Jordan Harbinger: [00:55:10] Yeah, Sally Struthers and stuff.
Scott Harrison: [00:55:12] Sally Struthers, you got it. And the 800 number would slowly crawl across the screen and you'd say, “Oh, that's just awful.” And some people would give, but you don't tell your friends about that charity. You don't wear that charity’s t-shirt, to meet with be as if Nike told people that they were fat and lazy to turn off the stupid TV and go run, go exercise. And people wouldn't, they wouldn't do it, and they certainly wouldn't want to go buy the clothes from a company that spoke to them like that. And in fact, Nike's success has come from telling inspirational stories over decades. Stories of people overcoming adversity. So stories of people who beat impossible odds. And Nike says there's greatness within you. We believe you have the power to achieve far more than you ever thought. And someone like turns off the TV and says, “Maybe I could go for a jog,” and you want to tell your friends about the company, you want to wear the logo of a brand that believes that about you. And charities just didn't behave that way. So I thought, let's build the knight here, the apple or the virgin of charities. Let's build an imaginative, inspirational charity that focuses on hope and opportunity. Let's invite people into the story.

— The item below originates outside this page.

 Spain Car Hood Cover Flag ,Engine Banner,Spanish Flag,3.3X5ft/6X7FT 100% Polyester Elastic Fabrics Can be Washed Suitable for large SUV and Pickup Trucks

[00:56:24] You hear this term all the time now, giving back. I’m so sick of this language, charities. My company has a program where we're giving back. That language, that language implies debt. It implies obligation. It's like we pillaged and plundered to such extent that we should finally throw some scraps down to the poor. Here's the leftovers. Let's give a little back. It's like if I walk up to you and I grabbed the phone out of your hands, you're going to say, “Give it back.” Right?
Jordan Harbinger: [00:56:53] Right.
Scott Harrison: [00:56:53] Why don't we drop back? Why don't we talk about a pure culture of giving?
Just “Hey, we build a culture of giving in our family. We build a culture of giving in our company, giving the best of ourselves, giving because it's a blessing and a joy, giving out of the abundance, giving out to the privilege that we've been blessed with, giving our time, our town, our money in the service of others.” So I just had all these ideas about branding Charity: Water in a counterculture way.
[00:57:21] And then the fourth pillar was just, let's not send any Westerners, anybody with my skin color over to Africa or India or Southeast Asia to go and drill Wells. I believe that for the work to be sustainable, it had to be led by the locals in each of these countries. For the work to be culturally relevant, the locals must lead their communities in their countries forward. So our role would be to get every day, often apathetic people to care about an issue that that almost feels paralyzingly big, move them to action through this new business model where they can trust again and then make sure that the locals were the ones taking that money and turning it into clean water. And they would be the ones getting the credit and they would be the local heroes. So that was the business model. And today, when I say these things, it sounds so not innovative in a way. I mean, it sounds so common sense. It's not like we're landing rockets on platforms, in the middle of oceans. But it was so unique at the time and the organization just took off.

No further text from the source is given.